On 1/14/26 11:20 AM, Terry Bowman wrote:
> The AER service driver and aer_event tracing currently log 'PCIe Bus Type'
> for all errors. Update the driver and aer_event tracing to log 'CXL Bus
> Type' for CXL device errors.
> 
> This requires that AER can identify and distinguish between PCIe errors and
> CXL errors.
> 
> Introduce boolean 'is_cxl' to 'struct aer_err_info'. Add assignment in
> aer_get_device_error_info() and pci_print_aer().
> 
> Update the aer_event trace routine to accept a bus type string parameter.
> 
> Signed-off-by: Terry Bowman <terry.bowman@amd.com>
> Co-developed-by: Dan Williams <dan.j.williams@intel.com>
> Signed-off-by: Dan Williams <dan.j.williams@intel.com>
> Acked-by: Bjorn Helgaas <bhelgaas@google.com>

Reviewed-by: Dave Jiang <dave.jiang@intel.com>


> 
> ---
> 
> Changes in v13->v14:
> - Merged with Dan's commit. Changes are moving bus_type the last
>   parameter in function calls (Dan)
> - Removed all DCOs because of changes (Terry)
> - Update commit message (Bjorn)
> - Add Bjorn's ack-by
> 
> Changes in v12->v13:
> - Remove duplicated aer_err_info inline comments.

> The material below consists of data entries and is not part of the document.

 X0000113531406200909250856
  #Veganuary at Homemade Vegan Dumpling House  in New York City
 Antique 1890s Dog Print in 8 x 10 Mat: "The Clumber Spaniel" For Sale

Is already in the
>   kernel-doc header (Ben)
> 
> Changes in v11->v12:
>  - Change aer_err_info::is_cxl to be bool a bitfield. Update structure
>  padding. (Lukas)
>  - Add kernel-doc for 'struct aer_err_info' (Lukas)
> 
> Changes in v10->v11:
>  - Remove duplicate call to trace_aer_event() (Shiju)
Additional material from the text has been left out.